On Aug. 28, 1963, Martin Luther King Jr. stood before a packed crowd of protesters who marched on Washington, D.C., to call for racial and economic justice in the United States. It is one of the most enduring images of the civil rights champion. He delivered his famous “I Have a Dream” speech, which is still quoted to this day.
But look beyond just the speaker at the crowd. A quarter-of-a-million Americans gathered near the Lincoln Memorial that day. They were Americans who had been living for decades under the oppression of repressive Jim Crow laws that made them much less than full citizens of this nation.

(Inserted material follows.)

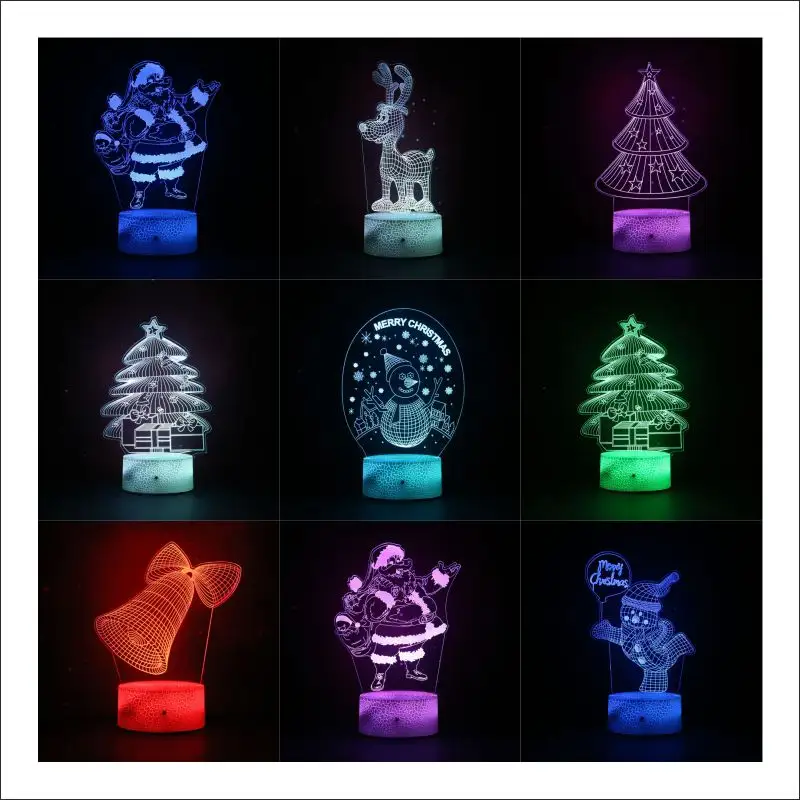 Wholesale santa snowman colorful lights custom gift box jurassic christmas ornaments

Inspired by King’s eloquent call for justice and equality, they and millions of Americans across the nation worked to pass the Civil Rights Act of 1964 and other legislation that made important, long overdue strides toward a better America.
As we celebrate King’s legacy today, it’s hard not to compare the march he led, the speech he gave and the people he inspired to the recent atrocity at the U.S. Capitol.
On Jan. 6, crowds gathered in Washington to hear a far less inspirational speech. The president of the United States whipped up a mob with unfounded lies and manufactured grievances. He exhorted the crowd to fight to stop the theft of an election that had not been stolen.
President Donald Trump called on them to march to the Capitol, leaving them with one final lie: That he would join them there.
Those inspired by King worked to change the laws of the United States to make them more just. Those incited by Trump stormed the U.S. Capitol, killed a police officer, threatened members of Congress and Vice President Mike Pence, and interfered in the constitutional process to transfer power peacefully.
The mob included members of the Proud Boys, with whom Washingtonians are all too familiar, and other violent white supremacist groups. Many of Trump’s supporters have tried to distract from the violence committed in his name by pivoting to last year’s Black Lives Matters protests, exaggerating the violence that occurred at some of them.
The desperation with which some people cling to Trump’s bigoted vision of America is at least partially a reaction to the historic, multigenerational, multiethnic movement represented at the BLM protests — a movement that strives to continue Dr. King’s necessary, but clearly unfinished work.
King’s dream might still be elusive, but it remains a righteous pursuit.